I've been experimenting with a few crafts for Christmas decorations that we can add as step by step projects to our Christmas website. We've created Christmas Matters to celebrate all the joy, fun & creativity of Christmas. There's tons of Christmas-related stuff to be found there - recipes, craft ideas, film reviews, book reviews, music reviews, stories & lots of information about the traditions & customs which make it such a fun time.
These paper hearts are definitely going to be included because they look so pretty & are great fun (although a bit fiddly until you get the hang of it) to make. Some people believe they were invented by Hans Christian Andersen - you can see some examples of paper Christmas decorations at the Hans Christian Andersen museum in Odense. The sweet thing about them is that they fold out to make a little basket, so that you can put homemade biscuits or yummy chocolates inside.
It's traditional to make them with paper which is glossy on 1 side - I expect that is because that makes the weaving a lot easier, but there is nothing to stop you experimenting with different papers & even fabric. I bet they would look fantastic with origami papers, gorgeous handmade papers & even fabric - for instance they look great made with felt.
Download this pdf template, print it & cut it out.
Fold a piece of paper (making sure that the template will fit) and place the short, straight edge of the template up against the fold.
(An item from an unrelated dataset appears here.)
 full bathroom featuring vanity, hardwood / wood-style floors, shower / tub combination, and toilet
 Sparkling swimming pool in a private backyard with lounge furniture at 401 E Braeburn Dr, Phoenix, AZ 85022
Draw round the template and then cut round on the line. Repeat with another piece of paper.
Mark & cut lines on your 2 pieces of paper as indicated on the template to create 3 strips on each piece. You will end up with 2 pieces that loook similar to those pictured here. We have marked letters and numbers on the strip to aid the following explanation - you don't have to do this!
Now you are ready to start weaving. You need to have a bit of patience but persevere and it will all come right in the end! Bring the 2 folded pieces of paper togther, corner to corner & slide strip 3 between the folded pieces of strip C. Don't push it all the way into position - leave yourself room to push strip B between the folds of strip 3 (see picture which will hopefully make this a bit clearer - huge thanks to Sandy for the pictures!).
Continue with your interweaving of the strips. You will have to do a bit of bending and shuffling but it will all work out, I promise! See the picture below for the final stages of weaving.
You should end up with something like this:
Create a hanging ribbon for your heart. I made 2 holes at the middle of the top on either side of the heart & the threaded through a piece of raffia and knotted the ends - this means you can easily access the heart basket to put goodies inside (and get them out again!).
Once you have made a few of these (and practice definitely makes perfect with this one) then you might want to try some more complicated designs. There are some fantastic ones on this wonderful website with a section all about Danish woven hearts..
I hope you have fun making some of these lovely decorations.